WHAT YOU ARE ASKED TO DO: The line containing "Natural Rooibos Loose" marks the start of the required copy, which runs to the final line of the entries; return those lines exactly, without any pictures.

[Image-caption web data]
= Beginning of Section =
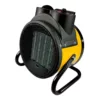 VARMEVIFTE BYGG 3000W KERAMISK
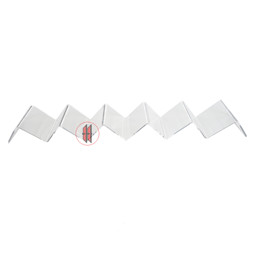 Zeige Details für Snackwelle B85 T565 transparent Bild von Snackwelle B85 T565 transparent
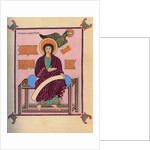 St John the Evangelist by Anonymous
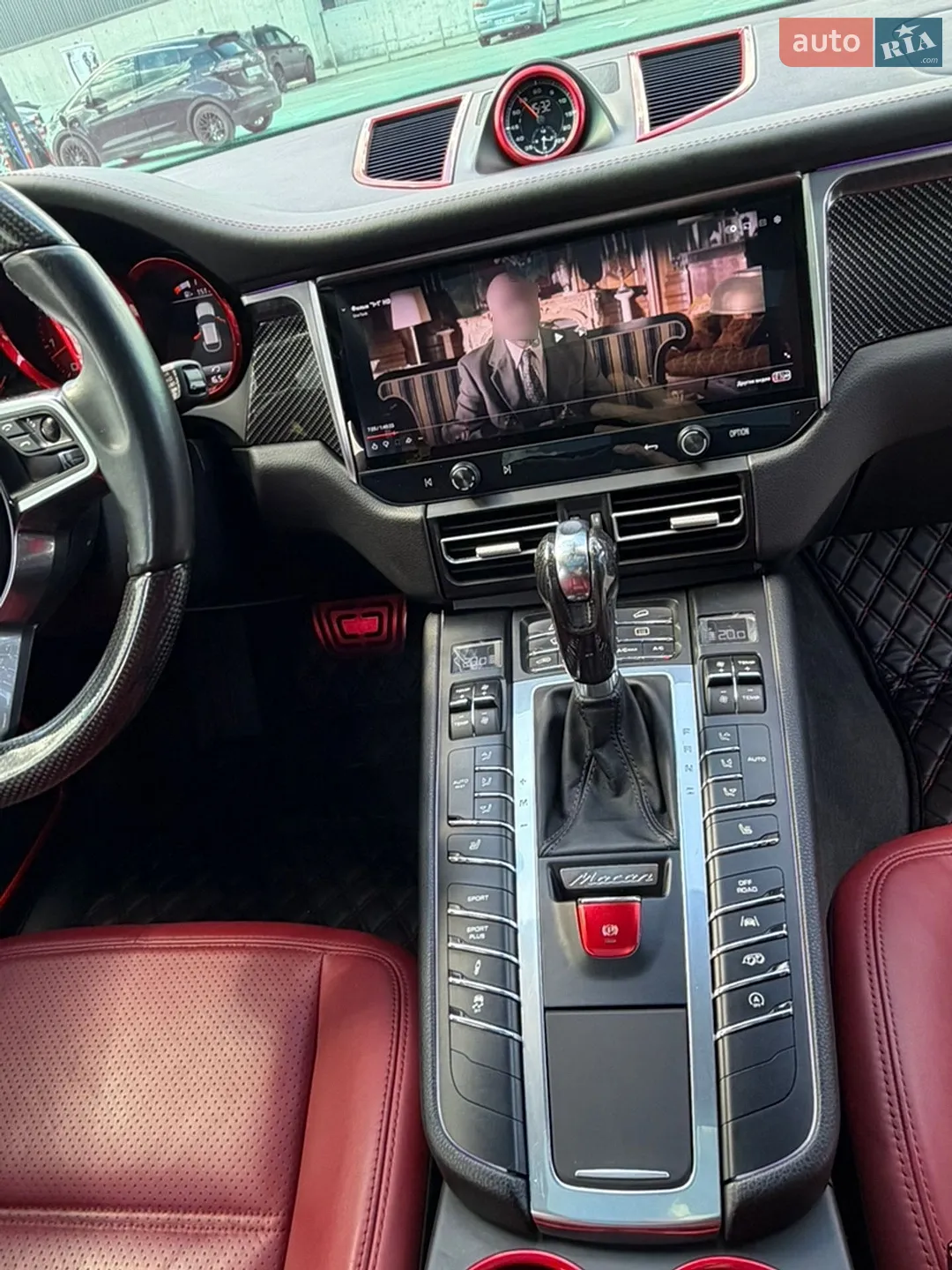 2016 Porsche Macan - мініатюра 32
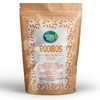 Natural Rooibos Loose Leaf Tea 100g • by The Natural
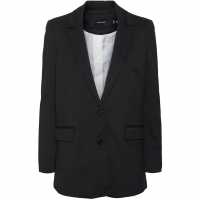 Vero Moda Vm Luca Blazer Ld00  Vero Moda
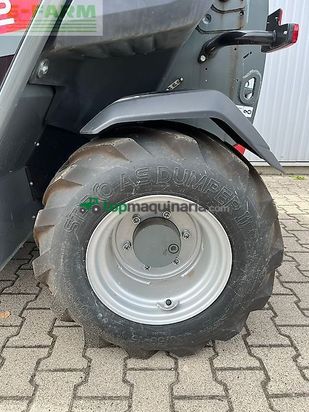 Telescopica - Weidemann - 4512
= End of Section =
TASK RESULT:
 Natural Rooibos Loose Leaf Tea 100g • by The Natural
 Vero Moda Vm Luca Blazer Ld00  Vero Moda
 Telescopica - Weidemann - 4512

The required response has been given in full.